With the foregoing in place, the question may then occur: what is the substance of an edifying conversation? What should we talk about? I have dealt harshly with idle talk, equivocally with casual speech, proscriptively with verbal tyranny, and indifferently with data exchange. Is the subject matter that arises from these usual categories necessarily inferior? Must all real conversations be about deep things like art, literature, philosophy, and science? I don't think so. Whether the topic is sports, shopping, entertainment, or even the weather, the manner of conversing will, I propose, "consecrate" the subject of a dialogue, leading to the possibility of communion and a heightening of a sense of actuality.

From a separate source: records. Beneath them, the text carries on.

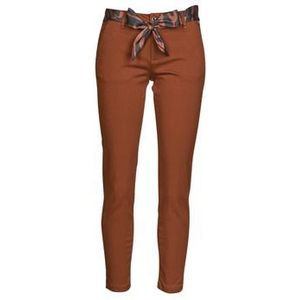 Freeman T.Porter  CLAUDIA FELICITA  Broeken  dames Rood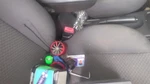 Seat Belt Front Bucket Passenger Buckle Thru 12/31/04 Fits 05 Focus 1699682. Fixed Price $42.01.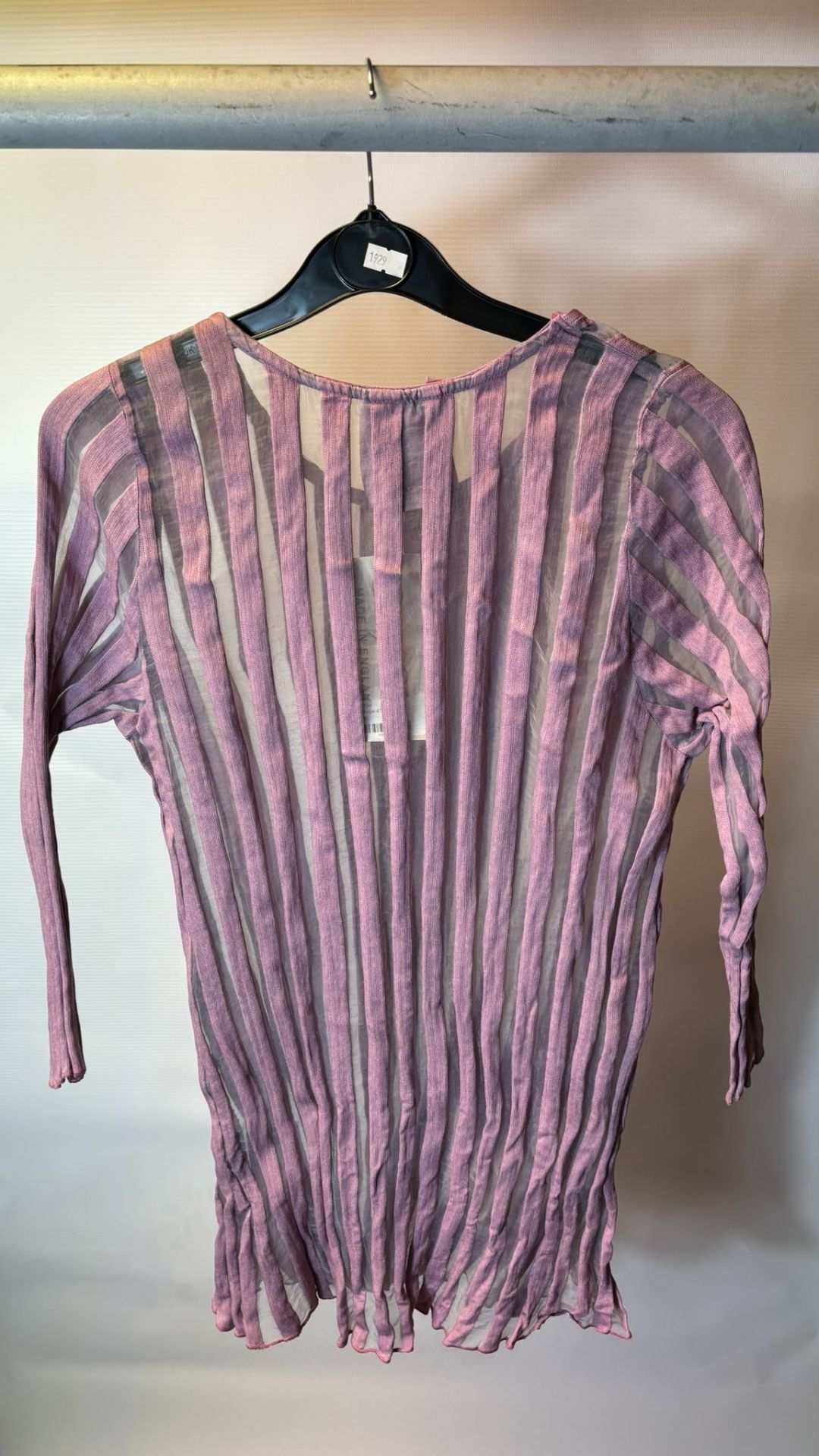 8 x Various Women's Tunic Stripe Dresses As Seen In Photos - Image 14 of 24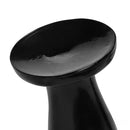 6.7in 11.41in Women Men Big Black Thick Beer Bottle Dildo For Anal Sex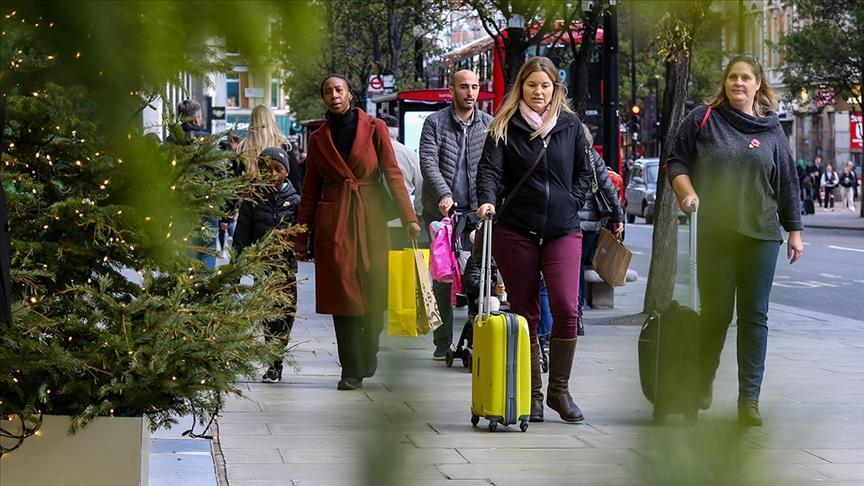 ABD’de tatil sezonu harcamalarında artış bekleniyor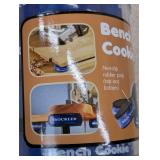 Rockler Bench Cookie Plus Pack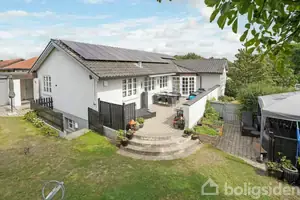 Villa på Rypevænget 15, 5550 Langeskov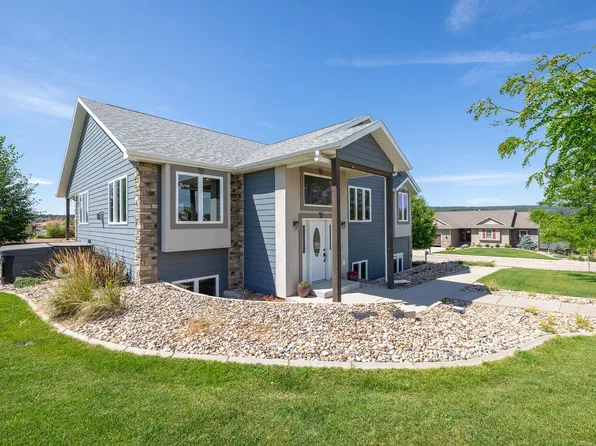6604 Kennemer Dr, Rapid City, SD 57702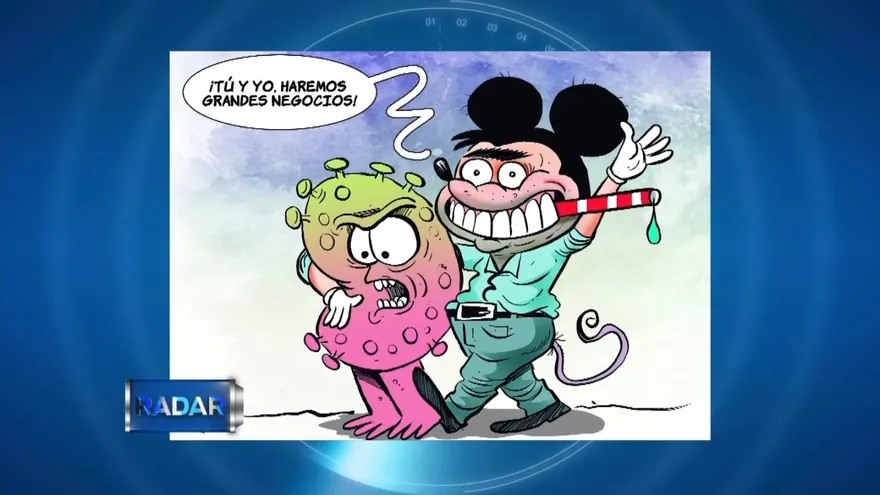 Bloque 5: Caricatura y conclusiones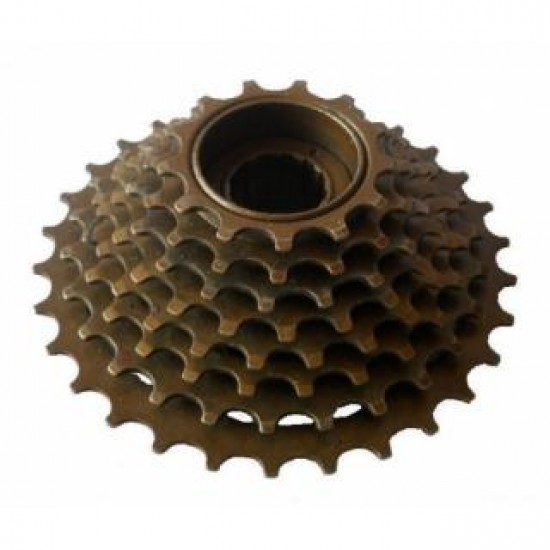 Pinion bicicleta 8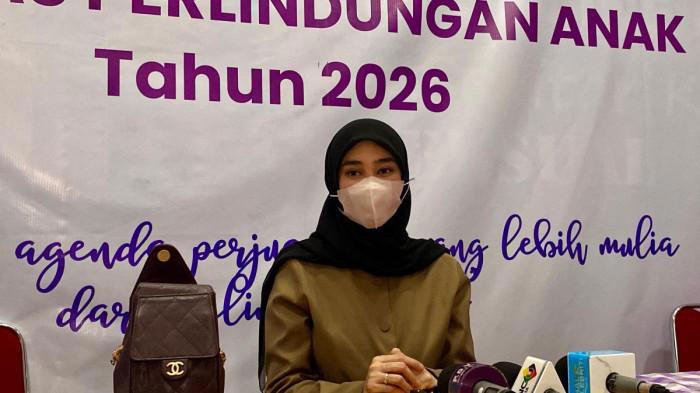 Publik Penasaran! Clara Shinta Ungkap Kondisi Rumah Tangganya
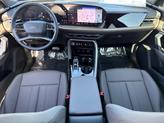 Thumbnail of 2025 District Green Metallic Audi Q5
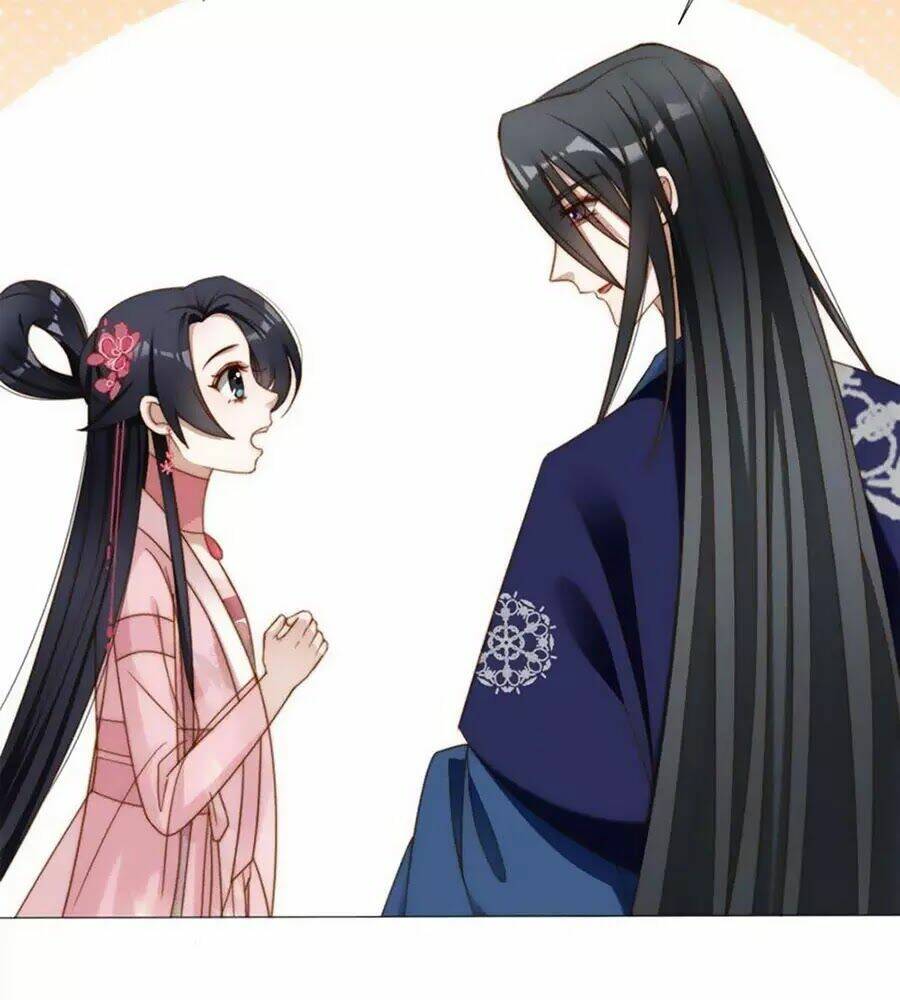 Thần Nữ Thái Năng Liêu: Chapter 33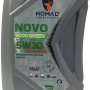 Масло NOMAD NOVO 9000 GREEN 5W-30 C2/C3 1л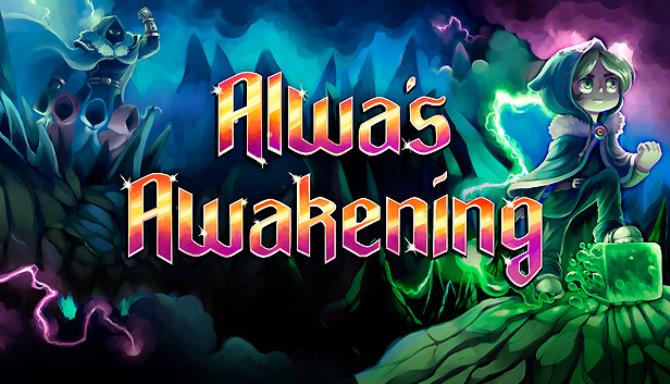 Alwa's Awakening Free Download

In conclusion, the art of conversation is the art of being human. It is the art of valuing and verbally embracing another. Language is haunted with a fragrance of transcendence. We can speak (therefore think) the infinite and the eternal. Our words are acts of spirituality that sprinkle a residue of mystery on a seemingly mundane earth. Converse with genuineness in the attempt to uncover something sacred not only in your correspondent but in yourself.



..............

Note:


1. Ezra Pound, Selected Poems of Ezra Pound, A New Directions Paperbook (New York, 1957), p. 37.



Vocabula Review




1 comment:

  1. Finally, I had a chance to read this one.

    "Our words are acts of spirituality that sprinkle a residue of mystery on a seemingly mundane earth. Converse with genuineness in the attempt to uncover something sacred not only in your correspondent but in yourself."

    This echoes with the ethos of some of my favorite writers. To name a thing is, traditionally, to bless it. To participate in such a conversation is to enter into it as if it were a sacred banquet. There are some treasured friends with whom I have experienced this, where words approach communion.